Every dimension in the finished drawing comes from a measured data point — not a tape measure or field estimate — so a building undocumented since the 1980s gets the same accuracy standard as new construction. See the Complete Guide to Scan-to-BIM Services for the broader LiDAR context.
Both services start from the same LEICA RTC 360 point cloud, captured in the same 2–3 day field visit. The choice is entirely about what your workflow does with the output.
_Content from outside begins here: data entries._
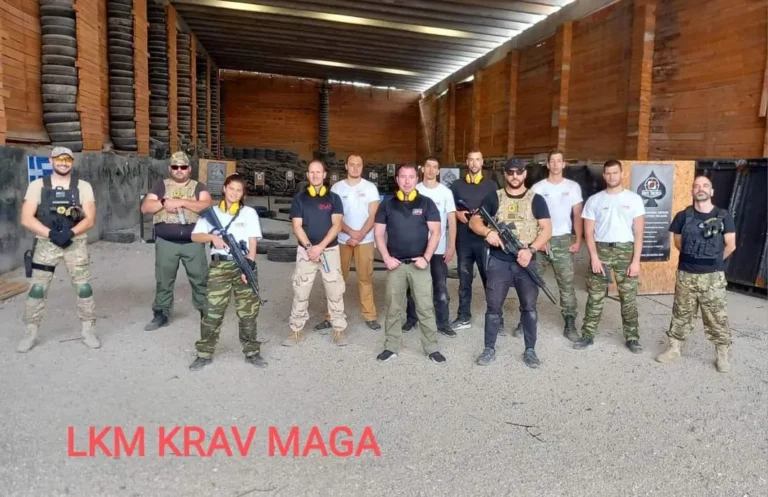&Delta;&iota;&epsilon;&theta;&nu;ή &Sigma;&chi;&omicron;&lambda;&epsilon;ί&alpha; VIP & Military Krav Maga
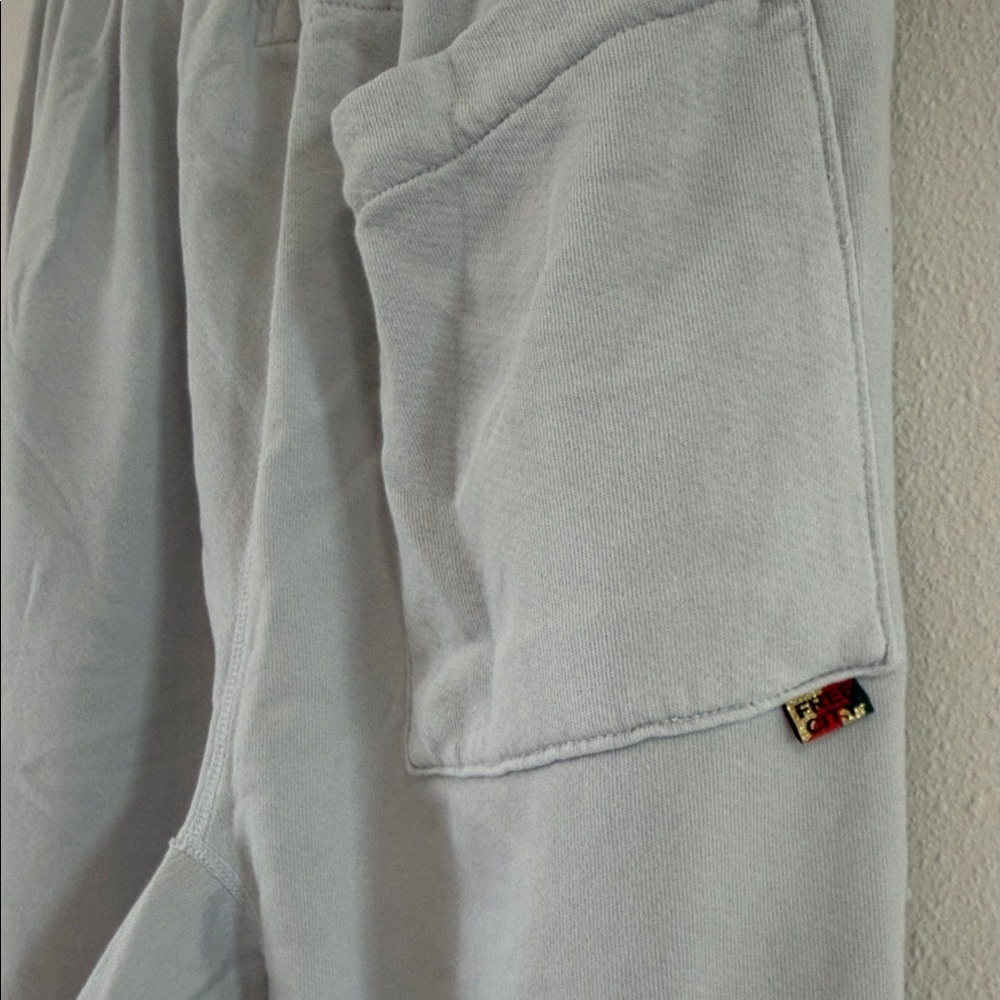 Freecity GREY  Sweatpants with Red Logo - Picture 6 of 7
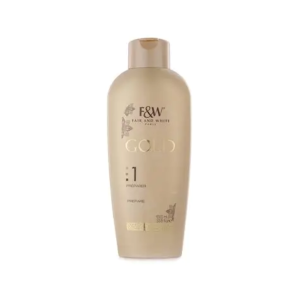 Fair & White Gold Ultimate 1 Prepare Argan Radiance Shower Gel - Exfoliating, Nourishing, & Glow Boosting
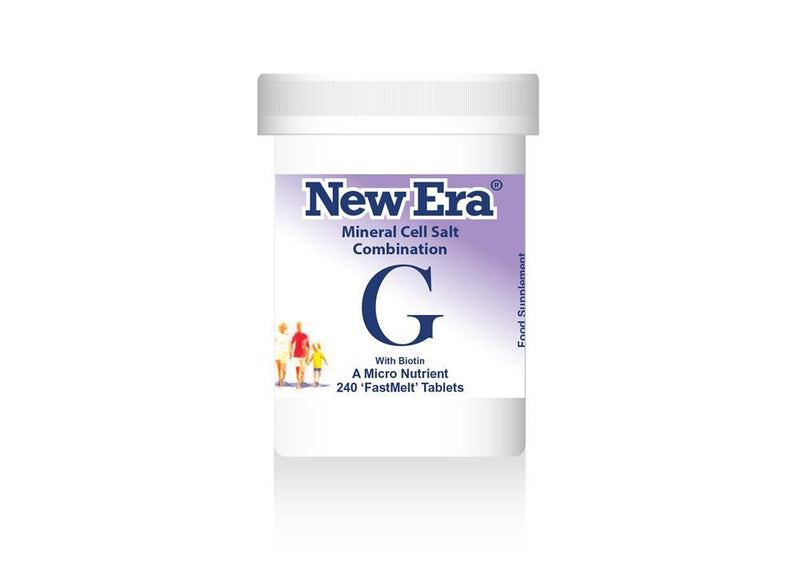 New Era Combination G - 240 Tablets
| Scan-to-CAD | Scan-to-BIM | |
|---|---|---|
| Output | 2D drawings: DWG, DXF, PDF | 3D Revit model: RVT + Navisworks NWD |
| Works in | AutoCAD, MicroStation, any 2D platform | Autodesk Revit, Navisworks |
| Best for | Renovation design, permitting, bidding, space planning, facility records | MEP coordination, clash detection, BIM-based facility management |
| LOD range | LOD 200 – LOD 400 | LOD 200 – LOD 400 |
| Upgrade path | Point cloud retained — BIM model producible at any future phase from the same data | 2D views exportable from Revit model |
The point cloud archive — delivered with every project — is the same source data used for BIM model production, so this service never forecloses the BIM upgrade path. See Scan-to-BIM vs Traditional Surveying for full cost and speed comparison.
The deliverable set covers floor plans from laser scan data — reflected ceiling plans, elevations, sections, MEP documentation, space planning drawings, site plans, and facade drawings — all in DWG, DXF, and PDF, with the underlying point cloud included in RCS, E57, and LAS formats. LOD ranges from LOD 200 (space planning, approximate geometry) through LOD 300 (construction-precise, permit drawings), LOD 350 (full MEP routing), and LOD 400 (fabrication-ready detail).
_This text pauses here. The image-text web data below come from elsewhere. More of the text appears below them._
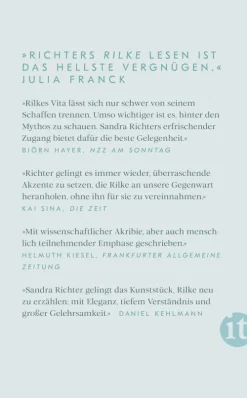 Rainer Maria Rilke oder Das offene Leben*Insel Verlag GmbH Online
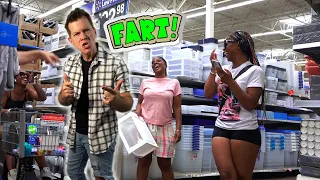 The Pooter - THE UNEXPECTED FART CONTEST! - Farting at Walmart | Jack Vale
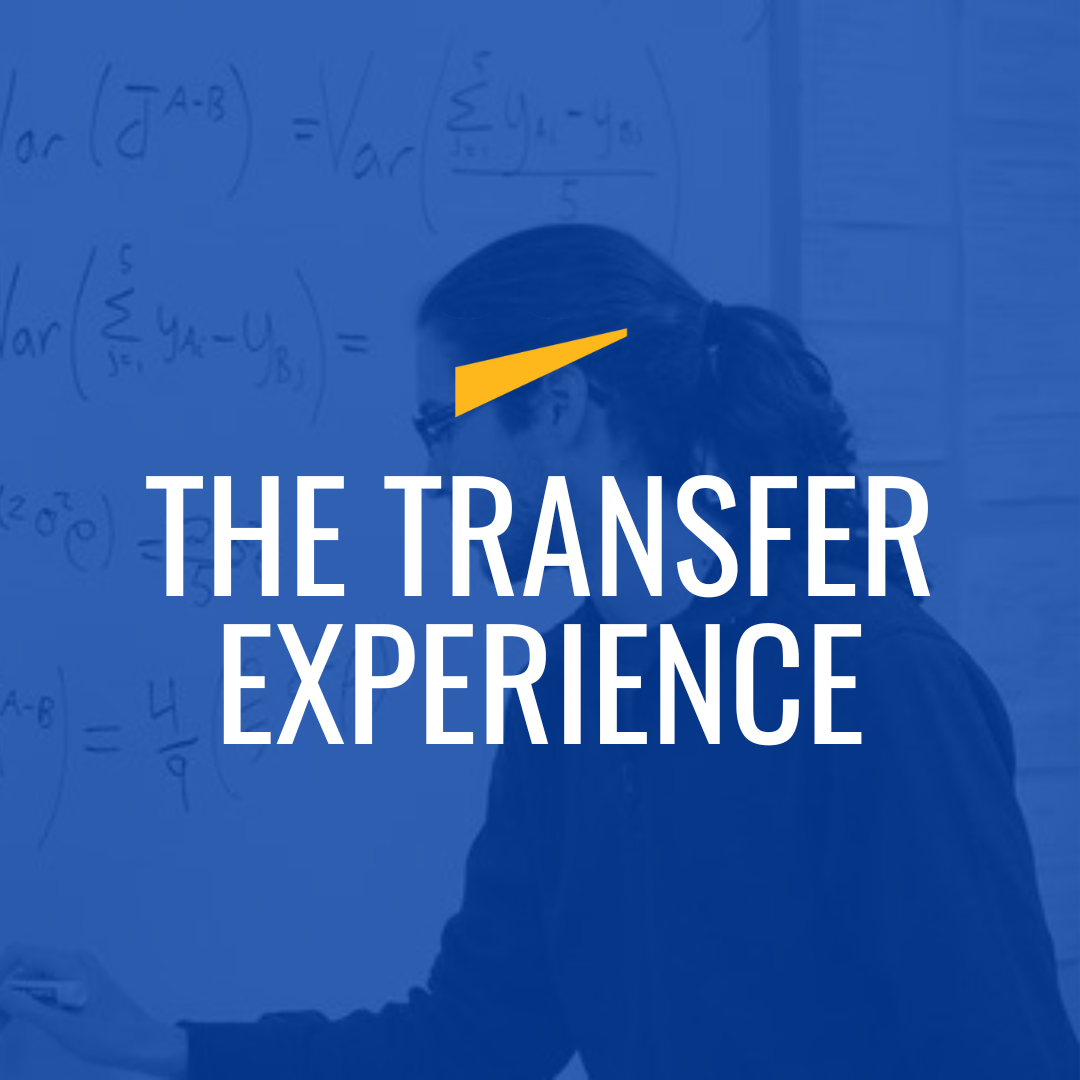 The Transfer Experience prospective student webpage logo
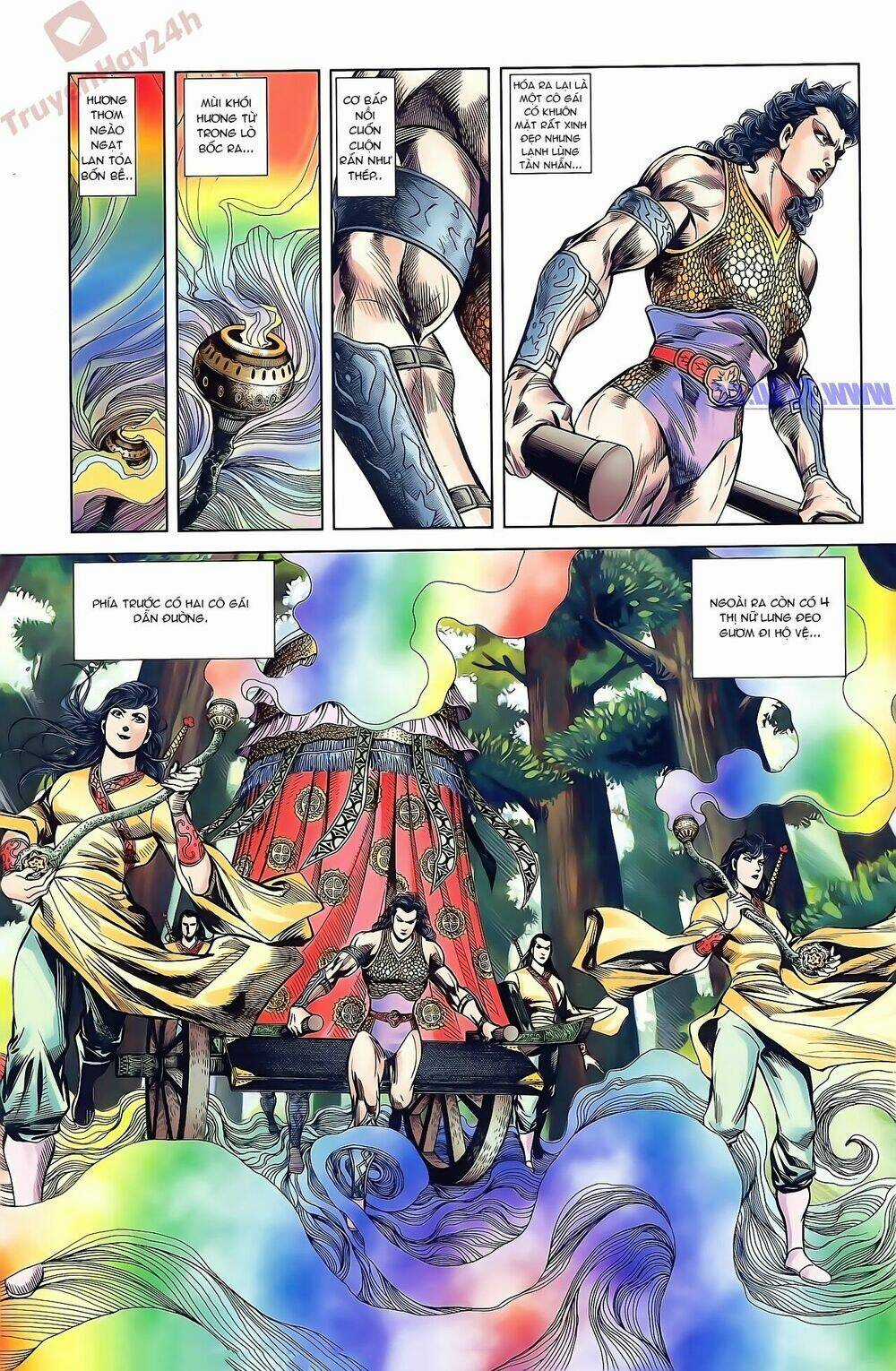 Thiên Tử Truyền Kỳ 2 - Tần Vương Doanh Chính Chapter 44 trang 16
Full Deliverable Table, LOD Breakdown, and Interactive Drawing Examples
Every drawing type, who needs it, LOD-to-project-type mapping, and viewable real project deliverables — MEP Documentation, LOD 400 Retail, LOD 350 Facade, LOD 300 Floor Plans, and more — are in the service overview and interactive drawing gallery.
The complete workflow runs in three sequential phases, totalling 10–14 business days.
A field technician deploys the LEICA RTC 360 in a systematic scan position sequence across the full project area. Every wall face, ceiling plane, floor surface, structural element, and significant architectural feature is captured with overlapping coverage that eliminates shadow zones. For tight-access or occupied environments where a smaller footprint is required, the LEICA BLK 360 (±4mm, 60m range) is deployed. Field teams are dispatched within 2–3 days of project authorization. A single retail floor or commercial office plate is routinely captured in one day.
Raw scan data is registered — spatially aligned into a single unified point cloud referenced to building control points — quality-checked for coverage and accuracy, then processed into RCS, E57, and LAS formats for delivery alongside the finished drawings.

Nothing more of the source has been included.